Your Future Your Choice aims to equip students with a deeper understanding of their passions and skills ahead of subject selection for their senior years, as well as discussing how Artificial Intelligence is set to shape the world of work. The bespoke programme will be held at Auckland Grammar School on Tuesday 24th November, with interested parties from Sacred Heart College and Westlake Boys High Schools keen to observe this innovative event.
AUT Director of Marketing and Recruitment Jayne Mayerhofler says, “It’s about getting in front of students, in this case young men, before they make their subject choices in Year 11. Subject selection is very important and, although many schools do great work in this area, we felt we needed to help get the relevant information to students earlier on.”
Students will experience AUT’s Subject Choices online tool, which the university developed in partnership with career specialist Dr Heather Carpenter. AUT director of marketing and recruitment Jayne Mayerhofler said feedback from Year 13 students prompted the move to create an online tool that younger secondary school students could use.
“This online tool flips the traditional careers way of thinking on its head. Instead of taking the approach of, ‘I want to be an engineer, for example. How do I get there?’ It asks students to evaluate ‘Who am I?’
“By finding out what they are passionate about and what their skills are, it then unpacks the pathways that are available to them, based on who they are.”

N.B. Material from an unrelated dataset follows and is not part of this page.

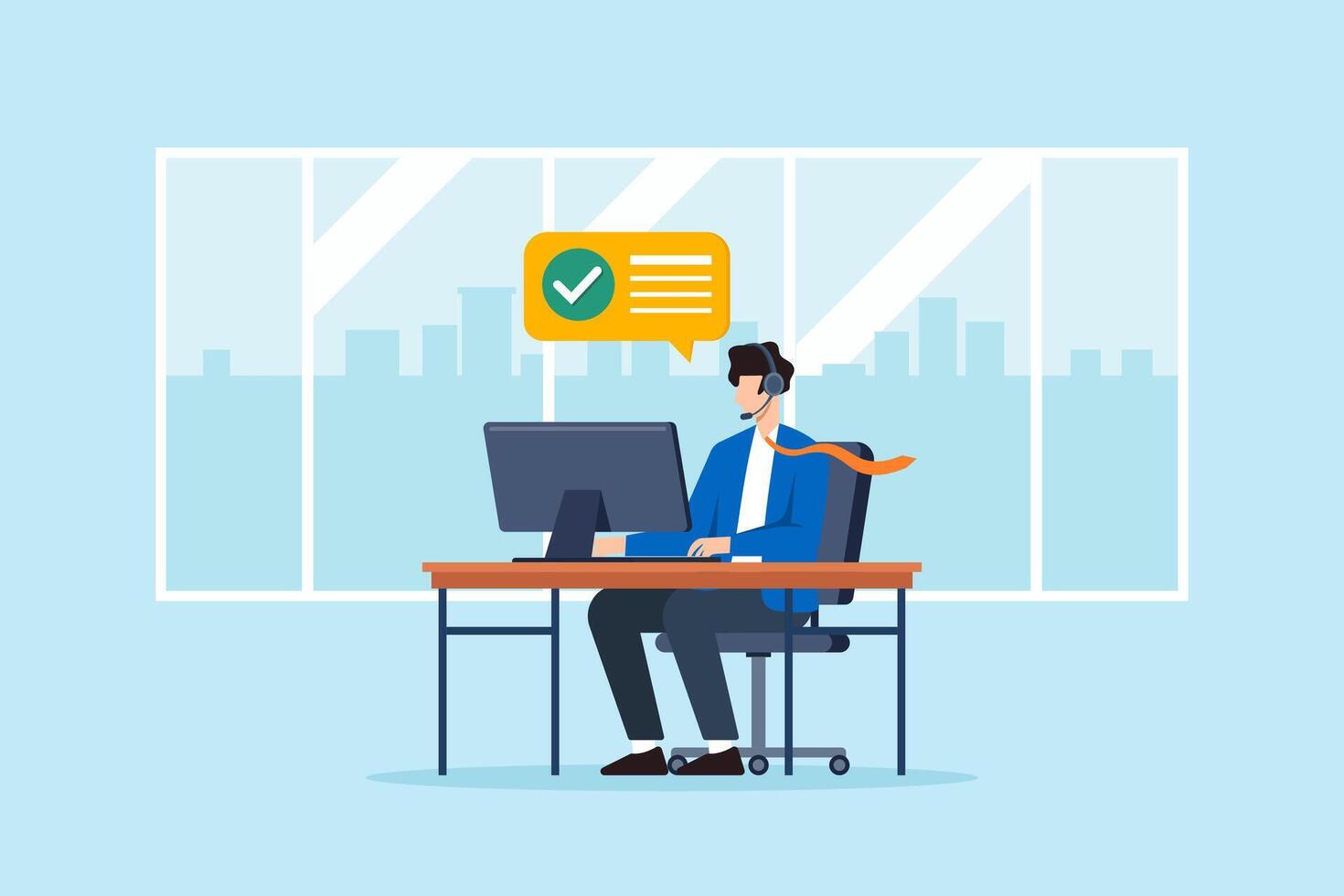 Flat illustration of office employee answering customer calls with headset and desktop computer at work desk in modern workplace vector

As well as tackling subject choices, the event will host an industry panel discussion and include workshops on leadership, teamwork and garbology – the study of material discarded by society and the social and cultural patterns it reveals. AUT Creative Technologies Master’s students Charles Johnson and Claudine Nalesu will share a presentation on the changing world of technology and discuss the potential impact of artificial intelligence on the future of jobs.
Mayerhofler says, “This programme is about getting out in front of school students at a younger age and engaging with them in a way that is tech-focused.
“Young people understand so much about tech and already have so many ideas about how the future is going to look. This is a chance for students to consider career paths that suit their personality and learn about some of the really cool study options that are on offer.”